> [Your goal]: Once you find the line below that has "6 Mi to Main", output it and every line after it exactly, stopping after the line that has "Sloane Court West SW3 4 TB", with no pictures.

> [Dataset extract]:
★ ★ ★ ★ ★

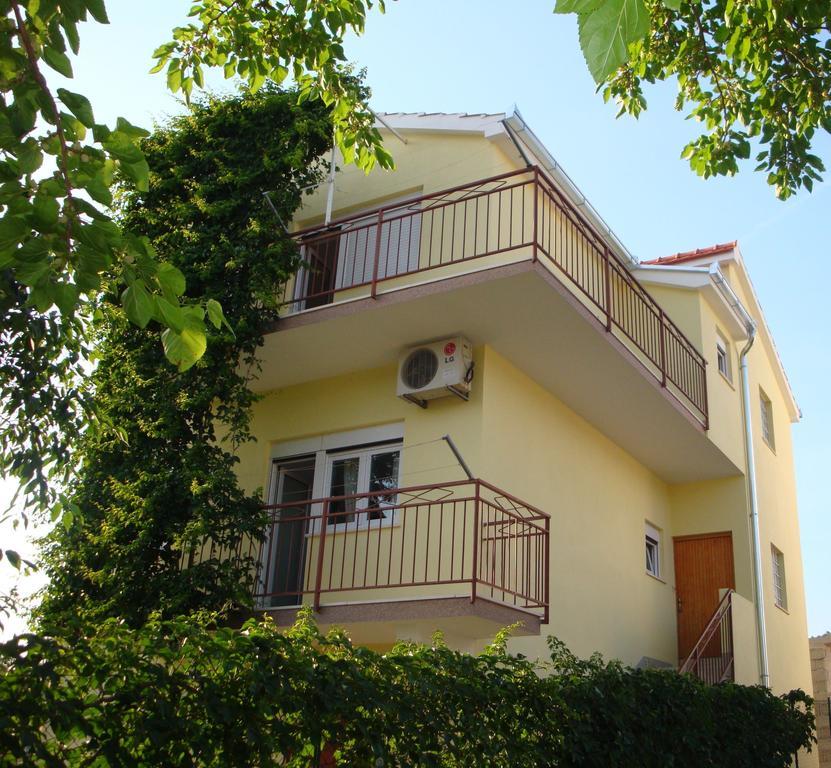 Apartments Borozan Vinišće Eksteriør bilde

★ ★ ★ ★ ★

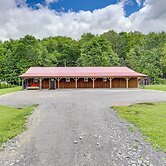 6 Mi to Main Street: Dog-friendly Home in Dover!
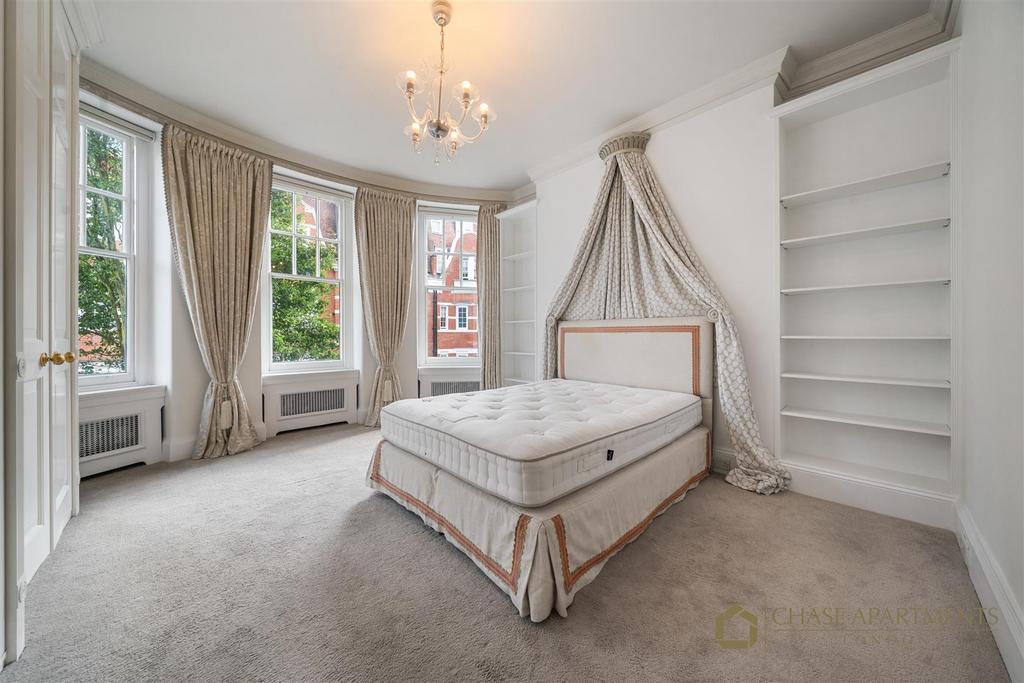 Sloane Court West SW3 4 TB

★ ★ ★ ★ ★

> [Finished task]:
 6 Mi to Main Street: Dog-friendly Home in Dover!
 Sloane Court West SW3 4 TB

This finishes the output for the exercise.